Tax on income from buildings. Settlement, doubts, refund applications
- Corporate tax, INSIGHT, Trochę o CIT
- 4 minuty
What is the tax on income from buildings?
The tax on income from buildings has been in effect in Polish law since January 1, 2018. This tax, commonly referred to as the “minimum tax on buildings,” is a solution designed to ensure effective taxation of entities operating in the real estate sector.
Who is subject to the tax on income from buildings?
The current regulations establish four conditions that determine whether a taxpayer is subject to the tax on income from buildings. This tax is due on income from a fixed asset that is a building, which:
- is owned or co-owned by the taxpayer;
- is a property asset related to conducted business activity;
- has been fully or partially made available for use based on a lease, tenancy, or other similar contract (the list is open, which causes practical doubts);
- is located in the territory of the Republic of Poland.
How to calculate the minimum tax on buildings?
The tax has a distinctive structure, as its amount depends on a specifically defined income and certain property assets.
The taxable income is the initial value of the fixed asset, determined on the first day of each month, according to the maintained records. In the month when the fixed asset is included in the records, the income corresponds to the initial value determined on the day the asset is entered into the records.
The tax base is the sum of income from individual buildings, reduced by the amount of PLN 10,000,000.
The reduction of the tax base demonstrates the legislator’s intention to target taxpayers owning high-value real estate. The tax on income from buildings should be calculated monthly and paid by the 20th day of the month following the one in which the tax is due. The tax rate is 0.035% of the tax base for each month.

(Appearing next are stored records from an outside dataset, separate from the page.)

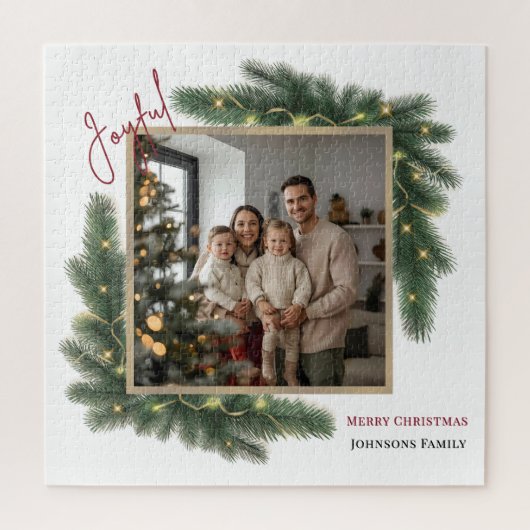 Joyful Christmas Personalized Family Photo Puzzle Legpuzzel (Verticaal)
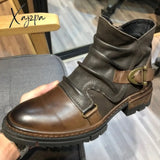 Xajzpa - Autumn Winter Men Boots Square Heel High Top Retro Men’s Shoes Round Head Knight Auburn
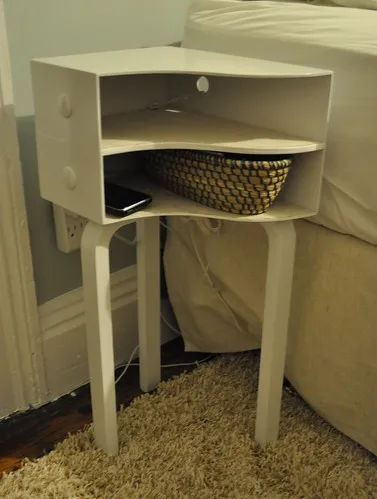 bedside table made with magazine holders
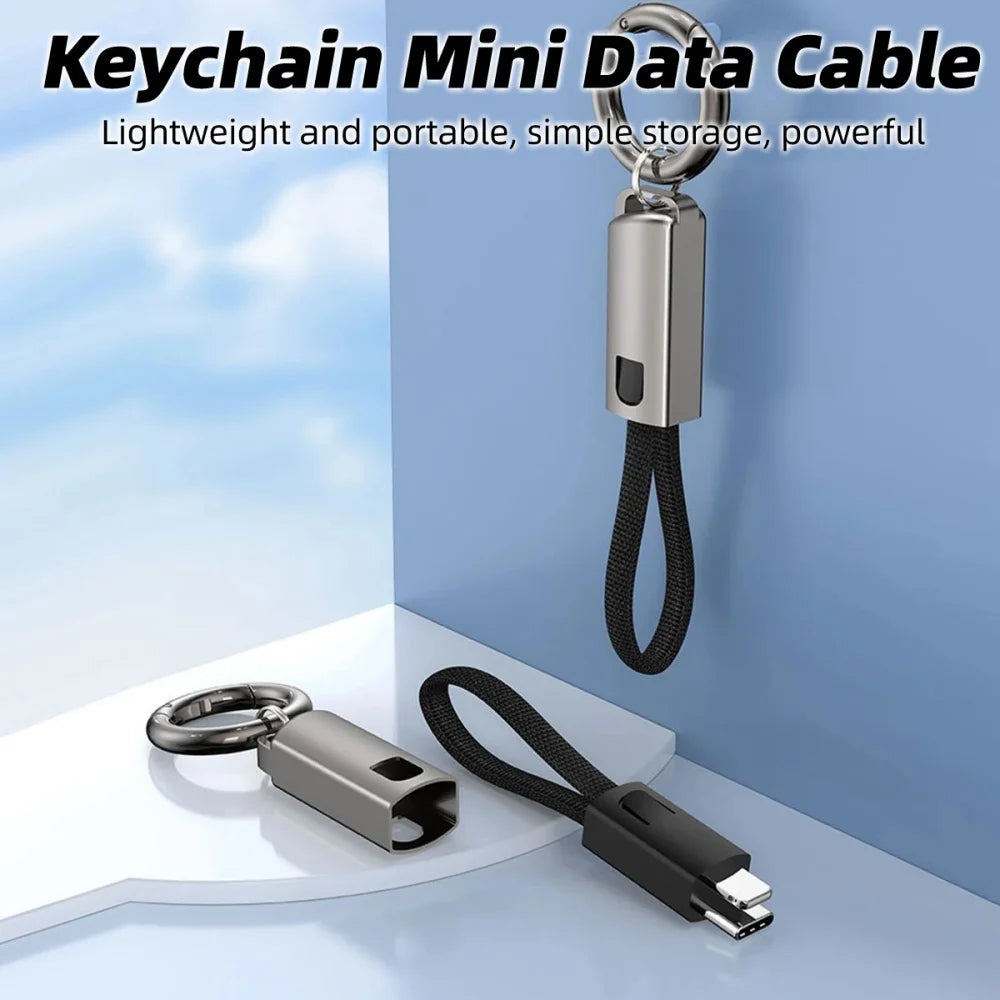10cm USB-C to USB-C PD 60W Fast Charging Keychain Cable USB-C Charging Cable Zpaxo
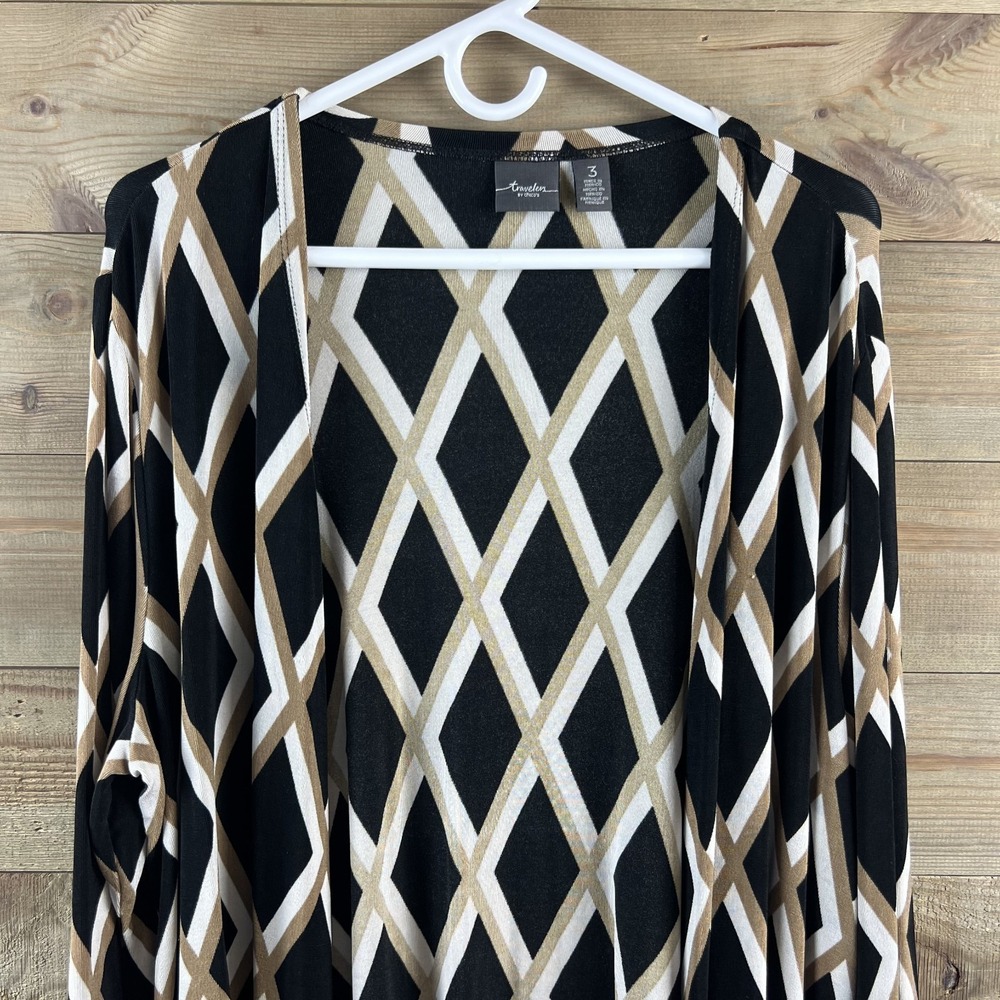 Chicos Travelers Womens Cardigan Open Front Slinky Geometric Career Size 3 XL‎ - Picture 2 of 7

Practical problems in the tax on income from buildings
Several years of applying the regulations regarding the minimum income tax on buildings have led to numerous doubts among taxpayers. Below, we present selected issues that have been the subject of disputes.

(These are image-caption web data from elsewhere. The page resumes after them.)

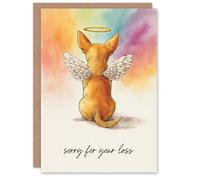 Artery8 Dog Sympathy Personalised Greeting Card - Angel Chihuahua Design, Sorry for Your Loss, Pet Loss Bereavement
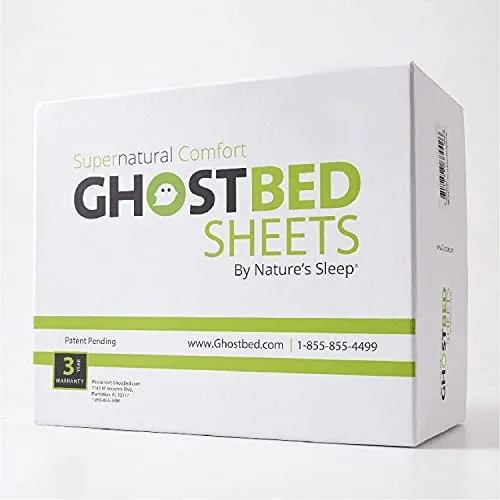 GhostBed Full Cooling Supima Cotton and Tencel Luxury Sheet Set - Wrinkle Resistant with Deep Pockets, 4 Piece, White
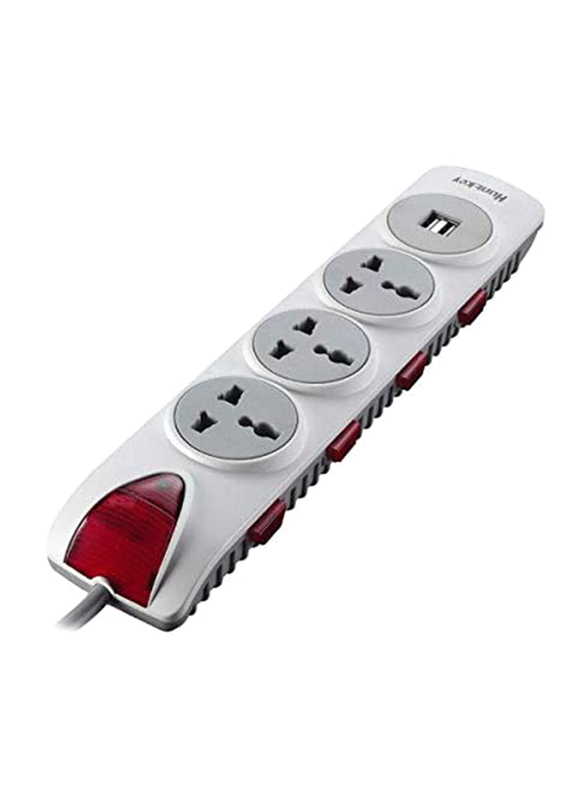 

Huntkey 3 Sockets EU Plug Extension, 3-Meter Cable with 2 USB Port, White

What if only part of the building is made available for use?
The legislator has regulated situations where the taxpayer makes only part of the building’s area available for use. In such cases, the taxpayer should determine the income proportionally to the share of the usable area made available for use under the relevant contracts compared to the total usable area of the building.

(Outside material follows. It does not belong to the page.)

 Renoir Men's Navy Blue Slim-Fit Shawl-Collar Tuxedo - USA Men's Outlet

In practice, doubts have arisen regarding common areas in the context of properly calculating the proportion.
Is a hotel agreement considered a contract of a similar nature to a lease or tenancy?
The use of the term “other contract of a similar nature” by the legislator in the regulations have already raised concerns at the legislative stage. In practice, this led to numerous tax cases where it was debated whether a hotel agreement constitutes a contract of a similar nature to a lease or tenancy.
In the case law from the beginning of the legislation, there were two opposing views. Currently, according to the dominant position of the Supreme Administrative Court (NSA), a hotel agreement is not considered a contract of a similar nature to a lease or tenancy agreement.
Student dormitories, dorms, boarding houses, university buildings, and the tax on income from buildings
Doubts regarding the taxation of income from buildings also concerned university buildings (academic buildings). The main issue was whether providing accommodation (a room) to a student or doctoral student based on a specific contract for the purpose of their studies could be classified as a contract of a similar nature to a lease or tenancy agreement.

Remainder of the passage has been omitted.